# AIO 20001 · Core Module — Running the Setting Workshop

> A workshop in which domain professionals define and record **your organisation's own value hierarchy and red lines** — what your organisation puts first. What the room agrees becomes, as-is, your AI's reference setting.
> No AI expertise is required — that is the point of the method.
> How to use: run this core module together with your domain module (Education, Health, …).
> *A voluntary open standard by AIO (Geneva) · aioq.org · free to use*

---

## 1. What this workshop does

AI is already making judgements in your workplace — it screens, recommends, summarises, responds. The problem is that nobody ever decided **what those judgements should put first**.

The workshop produces two outputs:

- **Direction** — what ordinarily comes first in our field (a priority order)
- **Red lines** — what must never be reversed, no matter what (prohibitions)

These two are not properties of the AI; they are **your organisation's own value standard** — which is why this is an organisational standard (AIO 20001).
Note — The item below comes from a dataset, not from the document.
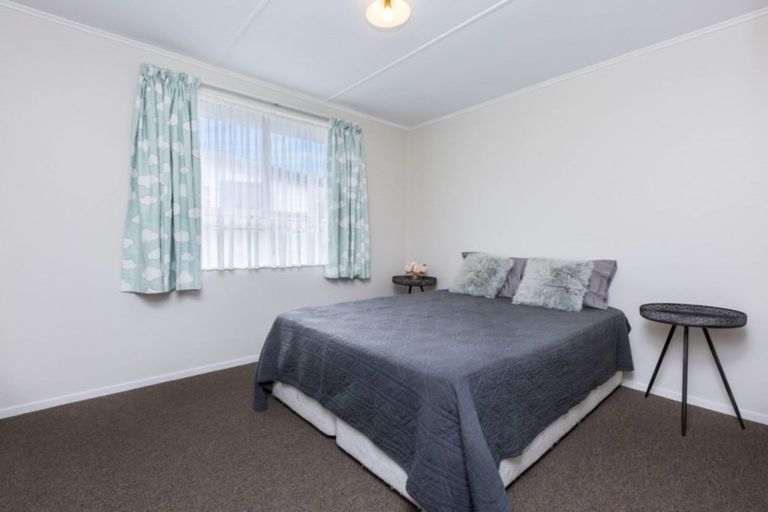 Photo of property in 34 Blueberry Grove, Timberlea, Upper Hutt, 5018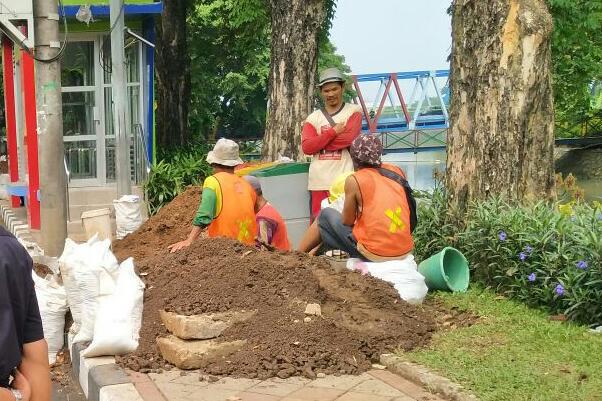 Proyek APBD Kota Tangerang Rusak 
Once you have them, you can record your AI's actual responses in the same language (the AIO 20002 logging standard, free and open) and **compare what you set against what your AI actually does**. The mismatches are your team's next agenda.

```
Set (this workshop) → Record (what the AI does) → Compare (mismatch = agenda)
```

## 2. The principle — you do not have to set everything

Priorities change with the situation (one person vs a whole society; things that can be undone vs things that cannot). Setting every combination one by one is impossible — and unnecessary:

1. **Start from the base priority table** (the shared starting value included in the kit)
2. **Set only what differs in your domain and situation** — a few **adjustment rules** such as "in our field, ○○ sits above the default"
3. **Set directly only the special situations where the rules fail** (exceptions)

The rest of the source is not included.